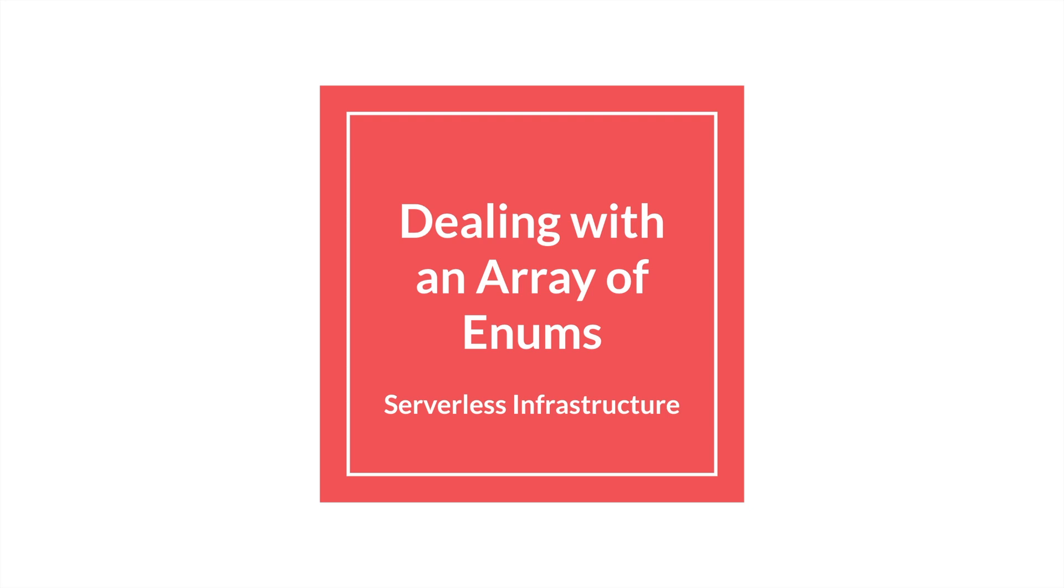So I came across a small problem with using an array of enums in SQLAlchemy while I was just doing a general day of work.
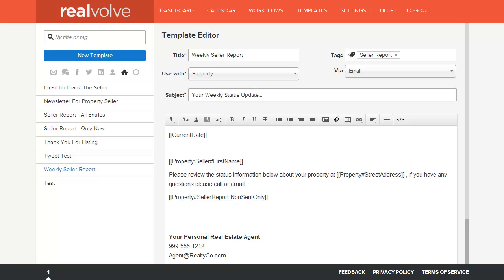Welcome to another Realvolve training video. In this segment we will cover setting up and running seller reports. During this process, we will cover setting up the template to be emailed, setting up a workflow to remind us to enter information as well as starting the workflow.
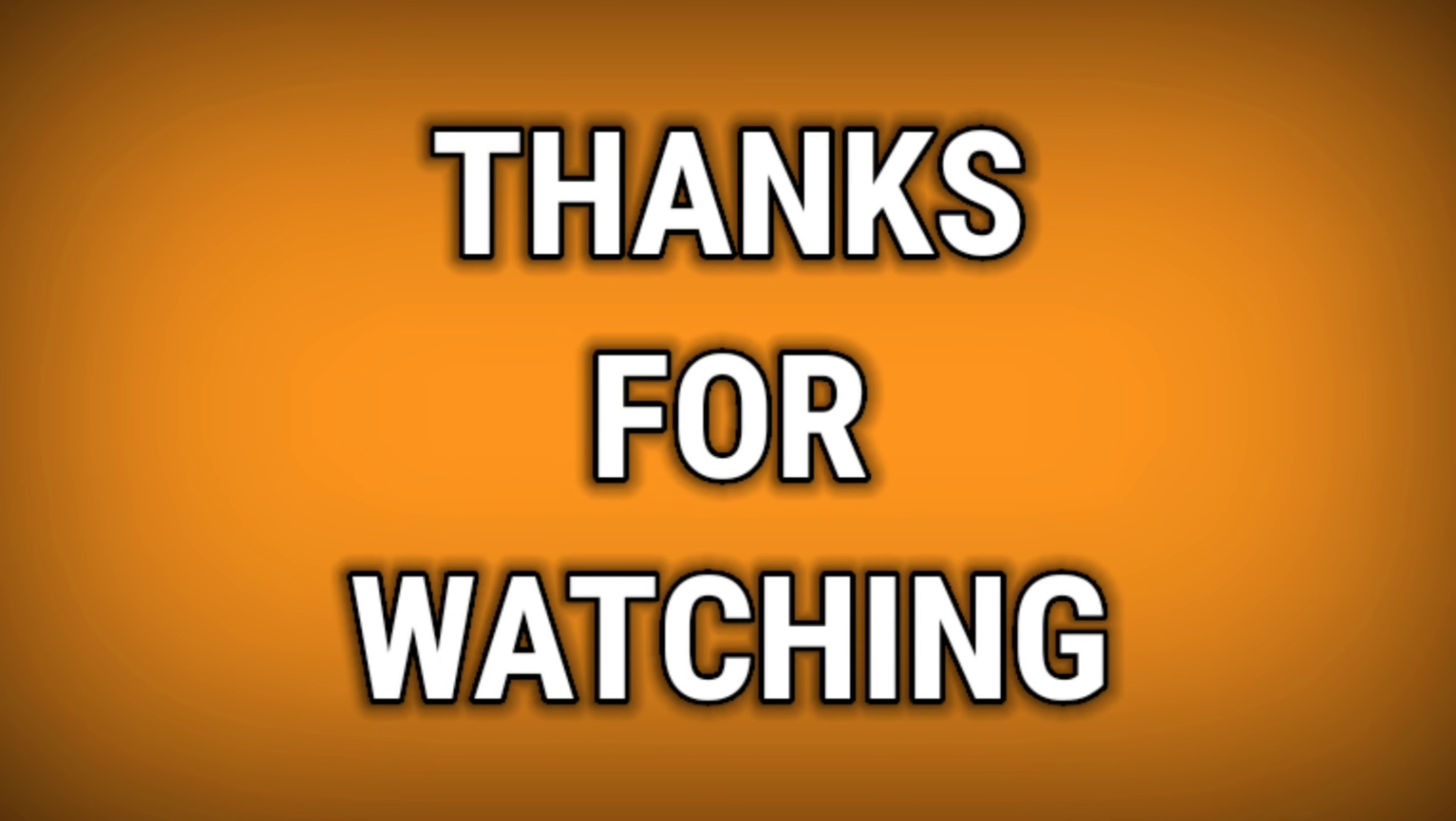If this video is really helpful for you, please hit the like button and don't forget to subscribe to this channel. Thanks for watching this video. Jai Hind, Jai Bharat, Vande Mataram.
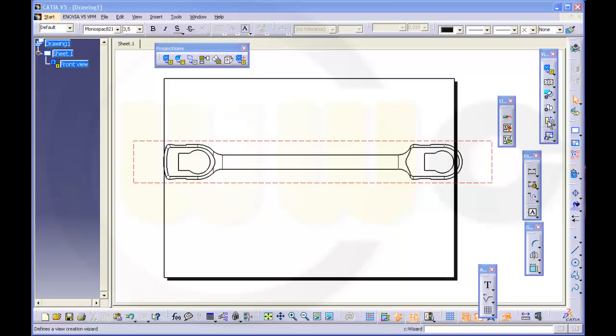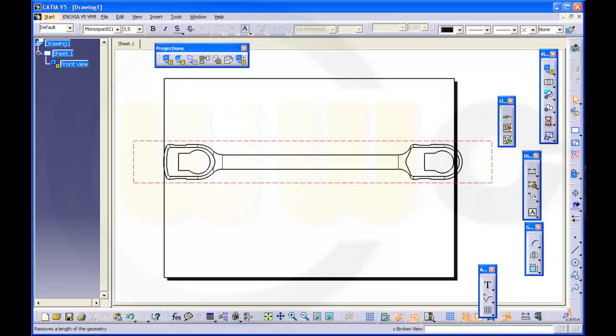There you go, there's broken view. First select a point inside the view, which is responsible for the first clipping line.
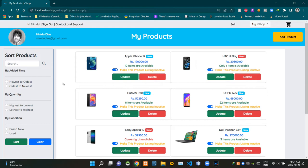Hello folks, welcome to demonstration video number 13 of my eshop project. In this video I'm going to explain about the programming side of the product registration page. So without further ado, let's get into this.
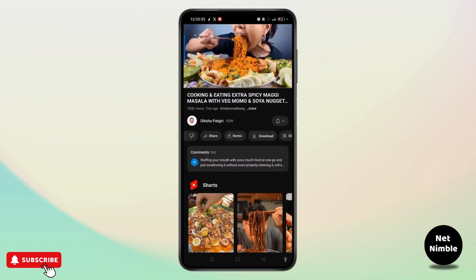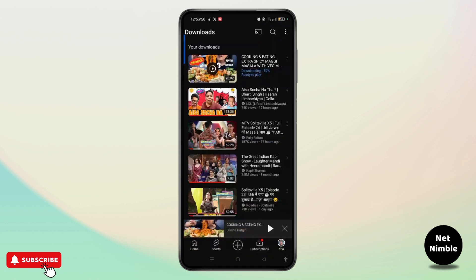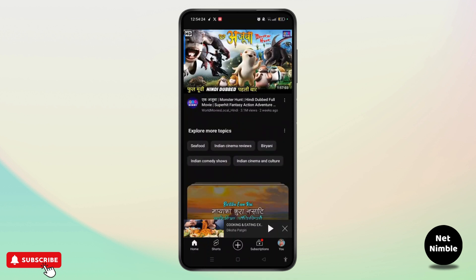As you open any particular video, you will see the option to download. When you tap on the download button, it will start downloading. You can also tap to view where it is downloading. The downloaded videos will be saved in the Downloads section, so you can easily access them from your Downloads.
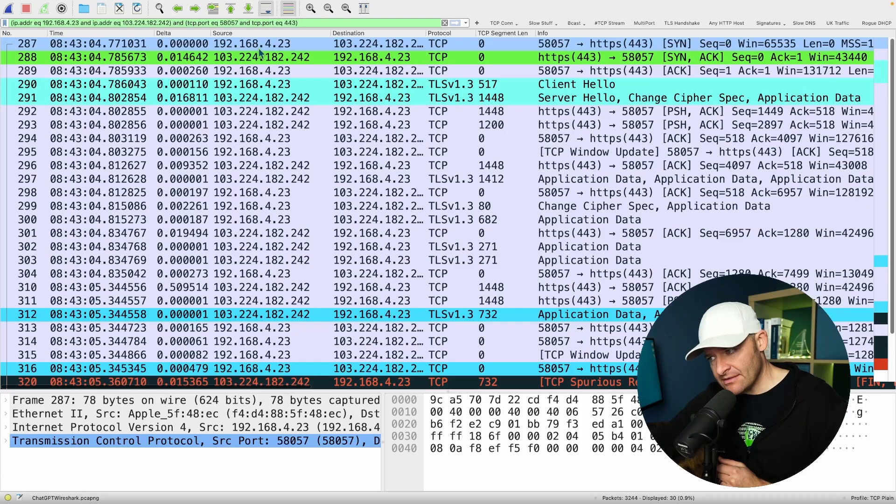There are three things that I look for in almost any TCP handshake that I analyze and I'm going to show you what those are right now.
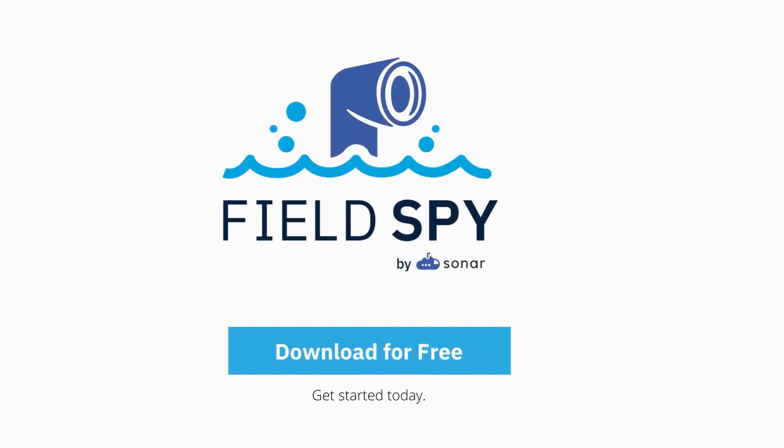Our most successful customers use this as a starting point to further scope their pending work. Download the FieldSpy app today and start intelligently managing change within your Salesforce org.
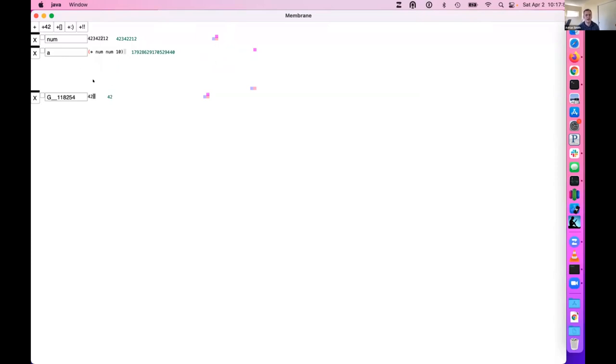Especially when you're working on the JVM you have access to multi-threading, so you have really good options for running stuff in the background. As I'm typing here it's updating, and you can actually have long-running processes.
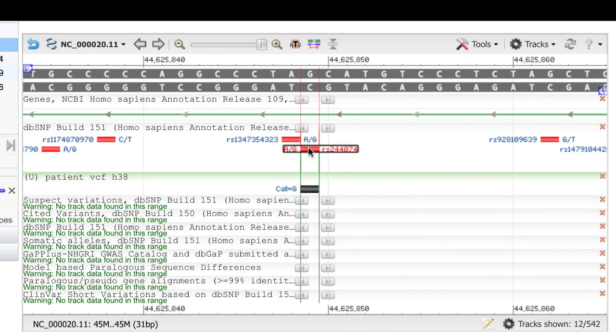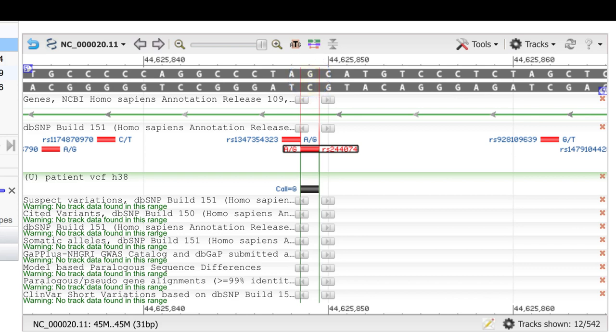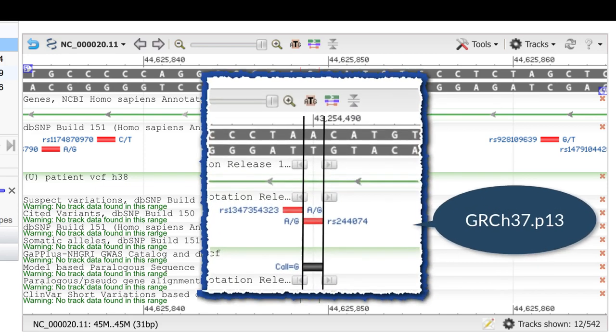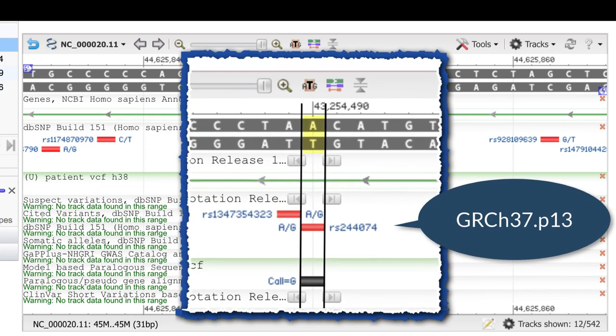We see that the called G corresponds to a known refSNP RS244074 and matches the reference assembly, G, at this position. As a side note, for those of you working in GRCh37, this position is an A. So for specific locations of interest, it's good to check the latest assembly.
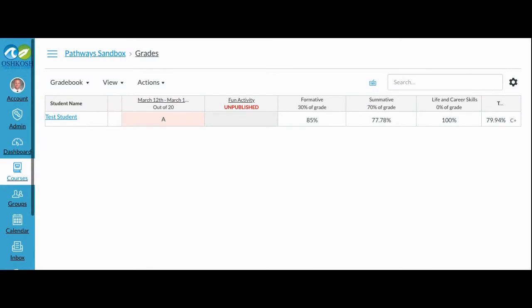Looking at this grade book, this student has scored a 79.94% on all formative and summative assessments so far in the course. 30% of that grade has come from the formative assessments. 70% comes from the summative assessments.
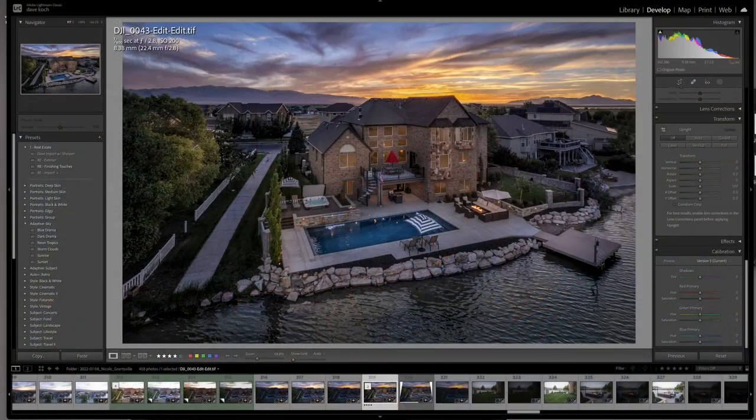I've already edited this one, and I noticed a couple things when I was doing it, a couple things I had to do to make the image work out. I'm going to go ahead and edit a different piece, and I hope in the process of editing that piece, I'm going to have the same problem so I can show you how to work through them.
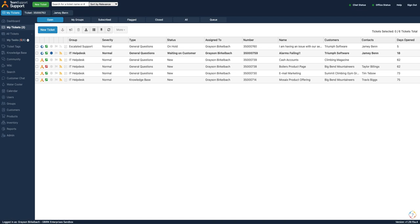Hello everyone, and welcome to today's Team Support Short. Today I'm going to be showing you how a voice over IP phone system will work inside Team Support.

WORK TO COMPLETE: From the line containing "There are three" through the end of the entries, quote each line exactly and nothing else, excluding all pictures.

FINISHED TASK:
There are three things that I look for in almost any TCP handshake that I analyze and I'm going to show you what those are right now.
Our most successful customers use this as a starting point to further scope their pending work. Download the FieldSpy app today and start intelligently managing change within your Salesforce org.
Especially when you're working on the JVM you have access to multi-threading, so you have really good options for running stuff in the background. As I'm typing here it's updating, and you can actually have long-running processes.
We see that the called G corresponds to a known refSNP RS244074 and matches the reference assembly, G, at this position. As a side note, for those of you working in GRCh37, this position is an A. So for specific locations of interest, it's good to check the latest assembly.
Looking at this grade book, this student has scored a 79.94% on all formative and summative assessments so far in the course. 30% of that grade has come from the formative assessments. 70% comes from the summative assessments.
I've already edited this one, and I noticed a couple things when I was doing it, a couple things I had to do to make the image work out. I'm going to go ahead and edit a different piece, and I hope in the process of editing that piece, I'm going to have the same problem so I can show you how to work through them.
Hello everyone, and welcome to today's Team Support Short. Today I'm going to be showing you how a voice over IP phone system will work inside Team Support.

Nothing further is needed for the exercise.